▶ _Problem statement_:
Pictures stay out; everything else in the records below is copied exactly.

•••••

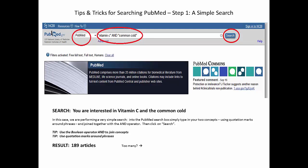Step 1: a simple search. In this case, you are interested in vitamin C and the common cold. You see here that PubMed is the database that's been selected — that's the default database. This is your search window. You can type your search and go. A couple of quick tips: you can use quotation marks around phrases so that the database understands you want that concept searched as a phrase. You can use the Boolean operator AND between your concepts to make sure both concepts appear in all the articles. Press search.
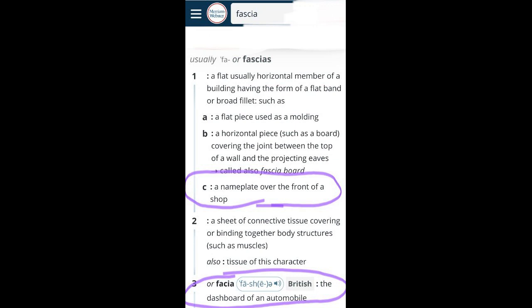So fascia — and fasciae is the plural — means a name plate over the front of a shop. In the UK, it can also mean the dashboard of an automobile or the number plate of your car. So the correct pronunciation is fascia, not fascia.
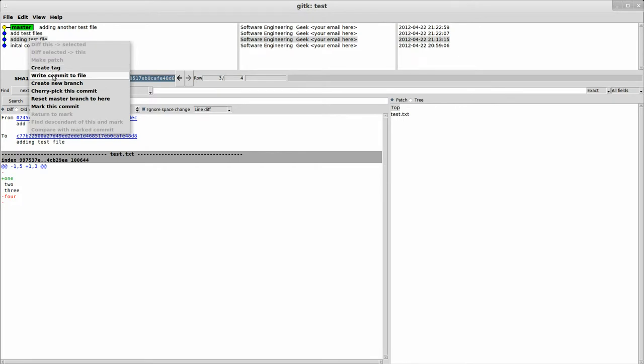I could create a tag from here. I could write the commit to a file, which is sometimes useful if you want to send a commit over email to someone else, this is what changed in this commit. What do you think? Or something like that to someone who doesn't have git. It can be useful.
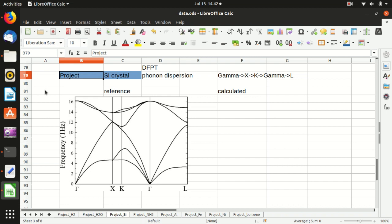Hello everyone, welcome back to my channel. In this video I will go one step further and show you how to calculate the phonon dispersion relationship of silicon crystal. I've already pasted the reference here and we will try to replicate this calculation, and we'll choose the same k-path from gamma to X to K to gamma to L.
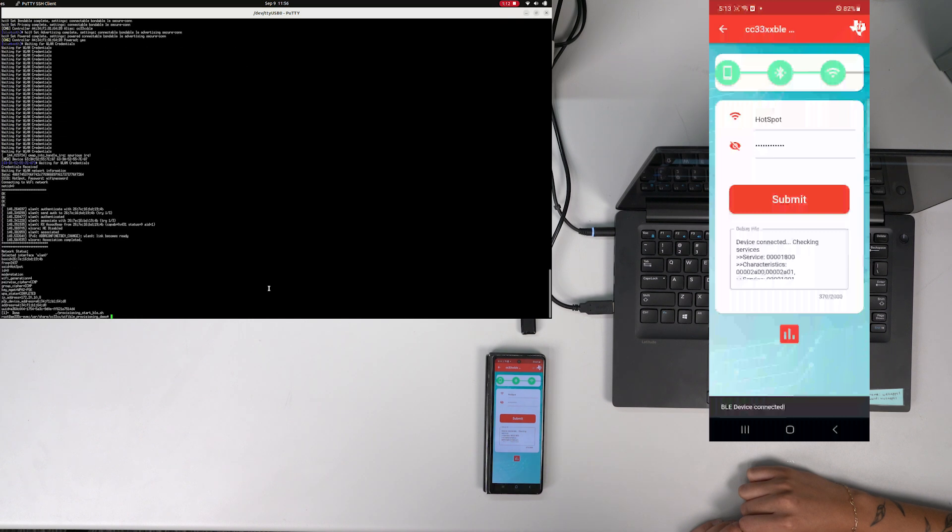And just like that, the BeagleBone Black is now using the CC3301 Wi-Fi to connect to the access point and on the web.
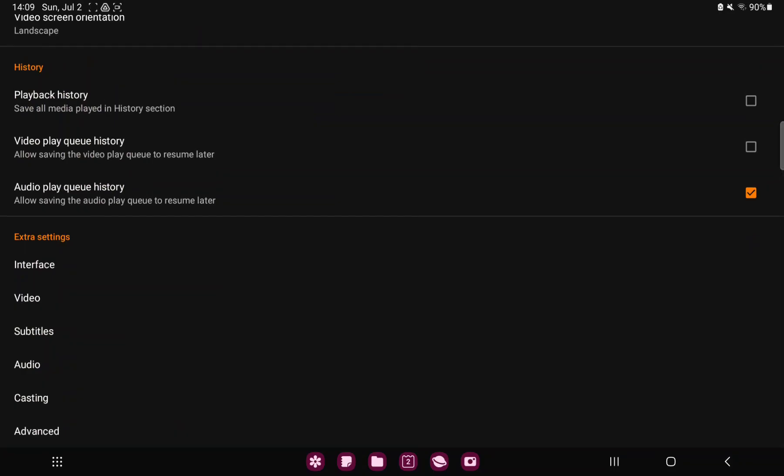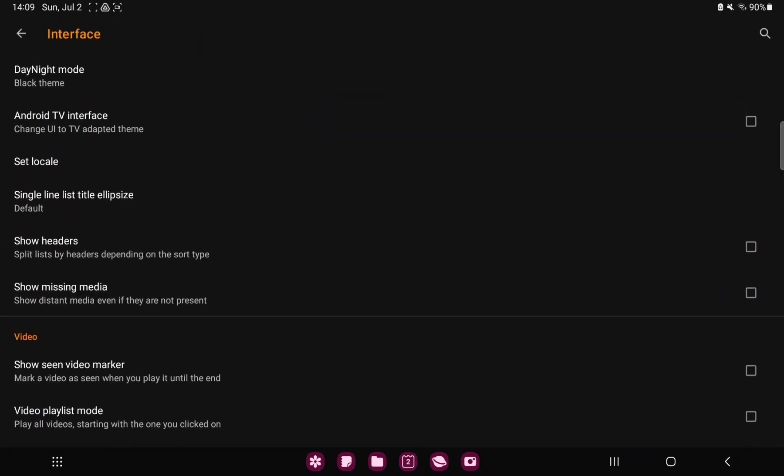Scroll down and in the extra settings section you can find the interface option. Here go to the second option, the Android TV interface, change UI to TV adopted theme.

•••••

▶ _Reply_:
Step 1: a simple search. In this case, you are interested in vitamin C and the common cold. You see here that PubMed is the database that's been selected — that's the default database. This is your search window. You can type your search and go. A couple of quick tips: you can use quotation marks around phrases so that the database understands you want that concept searched as a phrase. You can use the Boolean operator AND between your concepts to make sure both concepts appear in all the articles. Press search.
So fascia — and fasciae is the plural — means a name plate over the front of a shop. In the UK, it can also mean the dashboard of an automobile or the number plate of your car. So the correct pronunciation is fascia, not fascia.
I could create a tag from here. I could write the commit to a file, which is sometimes useful if you want to send a commit over email to someone else, this is what changed in this commit. What do you think? Or something like that to someone who doesn't have git. It can be useful.
Hello everyone, welcome back to my channel. In this video I will go one step further and show you how to calculate the phonon dispersion relationship of silicon crystal. I've already pasted the reference here and we will try to replicate this calculation, and we'll choose the same k-path from gamma to X to K to gamma to L.
And just like that, the BeagleBone Black is now using the CC3301 Wi-Fi to connect to the access point and on the web.
Scroll down and in the extra settings section you can find the interface option. Here go to the second option, the Android TV interface, change UI to TV adopted theme.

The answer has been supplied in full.